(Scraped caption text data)
────────────────────

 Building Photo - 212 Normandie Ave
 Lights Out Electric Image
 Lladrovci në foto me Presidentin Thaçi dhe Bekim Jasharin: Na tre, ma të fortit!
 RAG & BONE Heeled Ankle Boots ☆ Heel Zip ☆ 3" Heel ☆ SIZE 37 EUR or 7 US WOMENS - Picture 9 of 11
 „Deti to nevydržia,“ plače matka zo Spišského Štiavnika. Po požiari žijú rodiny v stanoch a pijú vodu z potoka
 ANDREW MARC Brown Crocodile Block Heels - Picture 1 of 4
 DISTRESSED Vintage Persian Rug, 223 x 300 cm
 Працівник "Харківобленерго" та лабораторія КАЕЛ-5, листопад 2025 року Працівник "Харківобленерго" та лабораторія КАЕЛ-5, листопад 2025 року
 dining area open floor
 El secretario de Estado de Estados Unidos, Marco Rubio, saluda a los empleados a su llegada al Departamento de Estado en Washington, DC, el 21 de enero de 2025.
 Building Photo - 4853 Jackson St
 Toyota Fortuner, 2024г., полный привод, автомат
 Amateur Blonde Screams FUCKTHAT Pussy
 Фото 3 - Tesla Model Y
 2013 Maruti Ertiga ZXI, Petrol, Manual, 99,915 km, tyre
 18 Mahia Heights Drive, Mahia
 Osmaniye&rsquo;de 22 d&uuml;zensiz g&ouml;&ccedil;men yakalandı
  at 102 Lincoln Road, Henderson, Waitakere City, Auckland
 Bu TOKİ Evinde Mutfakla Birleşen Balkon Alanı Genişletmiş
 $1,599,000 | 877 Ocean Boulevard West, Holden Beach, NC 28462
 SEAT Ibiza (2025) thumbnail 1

────────────────────

Reproduce the entries above in full and exactly.

### Solution for this exercise
 Building Photo - 212 Normandie Ave
 Lights Out Electric Image
 Lladrovci në foto me Presidentin Thaçi dhe Bekim Jasharin: Na tre, ma të fortit!
 RAG & BONE Heeled Ankle Boots ☆ Heel Zip ☆ 3" Heel ☆ SIZE 37 EUR or 7 US WOMENS - Picture 9 of 11
 „Deti to nevydržia,“ plače matka zo Spišského Štiavnika. Po požiari žijú rodiny v stanoch a pijú vodu z potoka
 ANDREW MARC Brown Crocodile Block Heels - Picture 1 of 4
 DISTRESSED Vintage Persian Rug, 223 x 300 cm
 Працівник "Харківобленерго" та лабораторія КАЕЛ-5, листопад 2025 року Працівник "Харківобленерго" та лабораторія КАЕЛ-5, листопад 2025 року
 dining area open floor
 El secretario de Estado de Estados Unidos, Marco Rubio, saluda a los empleados a su llegada al Departamento de Estado en Washington, DC, el 21 de enero de 2025.
 Building Photo - 4853 Jackson St
 Toyota Fortuner, 2024г., полный привод, автомат
 Amateur Blonde Screams FUCKTHAT Pussy
 Фото 3 - Tesla Model Y
 2013 Maruti Ertiga ZXI, Petrol, Manual, 99,915 km, tyre
 18 Mahia Heights Drive, Mahia
 Osmaniye&rsquo;de 22 d&uuml;zensiz g&ouml;&ccedil;men yakalandı
  at 102 Lincoln Road, Henderson, Waitakere City, Auckland
 Bu TOKİ Evinde Mutfakla Birleşen Balkon Alanı Genişletmiş
 $1,599,000 | 877 Ocean Boulevard West, Holden Beach, NC 28462
 SEAT Ibiza (2025) thumbnail 1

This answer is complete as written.